Anyways. Wish me luck on the conversion. Changing the meaning of the construct DV tag (with so many things assuming the old meaning) is going to be a nightmare. But it's only going to be harder later, so now is the easiest time to make the change, and I'm acting accordingly!

-----------

    2025-10-31

This might be easier to understand if you have examples of real construct conventions, so here's a few!
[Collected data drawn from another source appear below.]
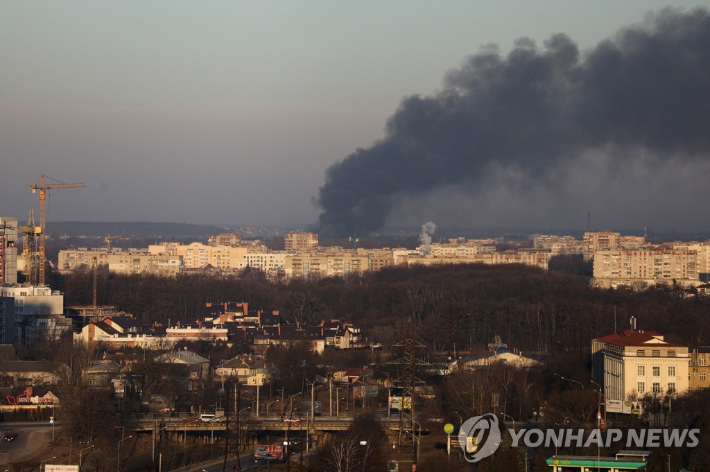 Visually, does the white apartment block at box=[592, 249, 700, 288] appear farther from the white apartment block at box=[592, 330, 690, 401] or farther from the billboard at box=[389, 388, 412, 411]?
the billboard at box=[389, 388, 412, 411]

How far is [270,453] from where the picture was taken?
2098cm

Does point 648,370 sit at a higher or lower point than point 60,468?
higher

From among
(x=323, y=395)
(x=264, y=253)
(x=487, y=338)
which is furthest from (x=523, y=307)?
(x=264, y=253)

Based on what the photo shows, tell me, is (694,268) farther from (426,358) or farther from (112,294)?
(426,358)

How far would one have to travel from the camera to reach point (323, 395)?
28453mm

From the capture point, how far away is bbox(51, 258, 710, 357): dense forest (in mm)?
37938

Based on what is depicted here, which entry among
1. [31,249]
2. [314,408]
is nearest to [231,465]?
[314,408]

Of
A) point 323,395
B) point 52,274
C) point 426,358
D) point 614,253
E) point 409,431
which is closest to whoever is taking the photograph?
point 409,431

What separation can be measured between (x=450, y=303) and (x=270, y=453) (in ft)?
74.9

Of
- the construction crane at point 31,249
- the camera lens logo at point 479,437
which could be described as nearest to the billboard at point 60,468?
the camera lens logo at point 479,437

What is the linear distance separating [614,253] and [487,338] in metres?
31.0

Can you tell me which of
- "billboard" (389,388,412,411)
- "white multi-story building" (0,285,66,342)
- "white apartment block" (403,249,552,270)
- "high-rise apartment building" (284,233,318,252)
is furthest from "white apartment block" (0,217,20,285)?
"high-rise apartment building" (284,233,318,252)

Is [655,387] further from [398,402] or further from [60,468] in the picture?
[60,468]

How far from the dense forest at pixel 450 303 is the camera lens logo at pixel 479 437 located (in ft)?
31.0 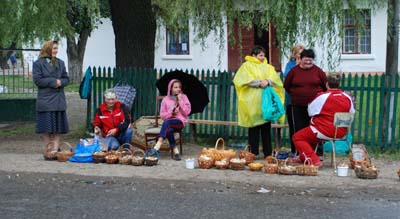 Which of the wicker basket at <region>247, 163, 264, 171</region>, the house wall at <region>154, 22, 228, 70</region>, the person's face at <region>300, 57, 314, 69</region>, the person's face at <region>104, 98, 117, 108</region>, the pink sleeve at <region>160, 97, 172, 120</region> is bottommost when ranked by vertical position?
the wicker basket at <region>247, 163, 264, 171</region>

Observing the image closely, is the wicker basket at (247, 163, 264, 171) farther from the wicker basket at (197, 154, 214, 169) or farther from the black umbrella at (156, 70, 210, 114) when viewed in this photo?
the black umbrella at (156, 70, 210, 114)

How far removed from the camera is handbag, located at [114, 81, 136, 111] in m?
12.3

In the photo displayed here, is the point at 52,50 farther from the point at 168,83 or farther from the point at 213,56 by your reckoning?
the point at 213,56

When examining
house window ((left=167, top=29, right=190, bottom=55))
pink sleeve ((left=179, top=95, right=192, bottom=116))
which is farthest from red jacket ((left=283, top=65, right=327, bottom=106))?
house window ((left=167, top=29, right=190, bottom=55))

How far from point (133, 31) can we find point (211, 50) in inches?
567

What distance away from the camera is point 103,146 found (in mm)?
10422

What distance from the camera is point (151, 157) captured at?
993 centimetres

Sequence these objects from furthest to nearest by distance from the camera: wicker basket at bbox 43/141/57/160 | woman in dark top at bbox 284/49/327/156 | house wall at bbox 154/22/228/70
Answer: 1. house wall at bbox 154/22/228/70
2. wicker basket at bbox 43/141/57/160
3. woman in dark top at bbox 284/49/327/156

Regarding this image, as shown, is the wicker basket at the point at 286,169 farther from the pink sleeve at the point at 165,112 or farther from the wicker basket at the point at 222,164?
the pink sleeve at the point at 165,112

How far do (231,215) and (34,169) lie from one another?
3943 millimetres

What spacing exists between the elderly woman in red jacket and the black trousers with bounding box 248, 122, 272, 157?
6.46ft

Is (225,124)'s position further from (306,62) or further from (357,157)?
(357,157)

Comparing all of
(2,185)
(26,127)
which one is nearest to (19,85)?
(26,127)

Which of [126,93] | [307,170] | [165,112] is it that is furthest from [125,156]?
[307,170] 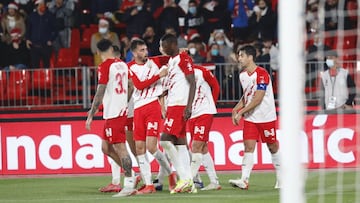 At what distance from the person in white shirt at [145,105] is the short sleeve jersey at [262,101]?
3.86 feet

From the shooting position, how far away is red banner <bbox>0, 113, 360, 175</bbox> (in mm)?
18156

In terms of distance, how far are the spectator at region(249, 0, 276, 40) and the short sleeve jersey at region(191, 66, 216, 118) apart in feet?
24.7

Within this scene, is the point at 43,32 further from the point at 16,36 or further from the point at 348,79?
the point at 348,79

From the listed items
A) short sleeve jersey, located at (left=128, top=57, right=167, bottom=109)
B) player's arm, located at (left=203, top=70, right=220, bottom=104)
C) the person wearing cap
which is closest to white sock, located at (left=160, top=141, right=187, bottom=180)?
short sleeve jersey, located at (left=128, top=57, right=167, bottom=109)

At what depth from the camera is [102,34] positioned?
2333cm

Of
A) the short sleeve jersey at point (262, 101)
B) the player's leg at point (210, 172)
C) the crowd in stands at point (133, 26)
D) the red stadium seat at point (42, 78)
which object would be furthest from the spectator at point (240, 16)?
the short sleeve jersey at point (262, 101)

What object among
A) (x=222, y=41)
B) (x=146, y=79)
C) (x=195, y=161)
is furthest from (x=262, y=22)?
(x=146, y=79)

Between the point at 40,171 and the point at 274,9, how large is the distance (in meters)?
7.17

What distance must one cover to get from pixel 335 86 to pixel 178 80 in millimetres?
4520

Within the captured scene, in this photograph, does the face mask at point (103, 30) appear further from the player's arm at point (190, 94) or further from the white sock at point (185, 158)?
the player's arm at point (190, 94)

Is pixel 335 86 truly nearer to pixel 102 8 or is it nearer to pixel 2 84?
pixel 2 84

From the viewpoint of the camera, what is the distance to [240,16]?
2312 centimetres

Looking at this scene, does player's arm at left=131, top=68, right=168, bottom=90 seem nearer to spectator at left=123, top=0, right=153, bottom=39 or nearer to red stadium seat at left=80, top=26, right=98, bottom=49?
spectator at left=123, top=0, right=153, bottom=39

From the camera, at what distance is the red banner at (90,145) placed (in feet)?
59.6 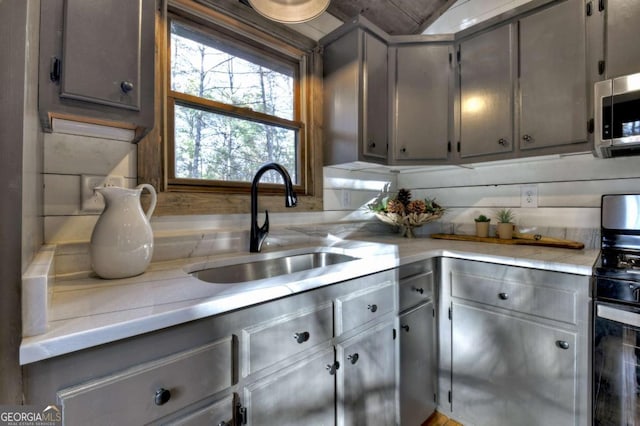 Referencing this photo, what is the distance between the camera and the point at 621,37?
131cm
This is how we represent Prone source code as (potentially manipulable) Prone objects.

```prone
$ abc()
=> construct([#FN_CALL, construct([#IDENTIFIER, #abc]), []])

$ x = y
=> construct([#ASSIGN, construct([#IDENTIFIER, #x]), construct([#IDENTIFIER, #y])])

$ 5.9
=> construct([#LITERAL_NUM, "5.9"])

$ 5.9u8
=> construct([#SUFFIX, construct([#LITERAL_NUM, "5.9"]), #u8])
```

These are _conventions_ because, as long as a piece of data is shaped the right way, certain parts of the language will give it special treatment. There's no penalty for a construct not matching any convention, it just won't get any special treatment, because some pieces of code won't know what to do with it.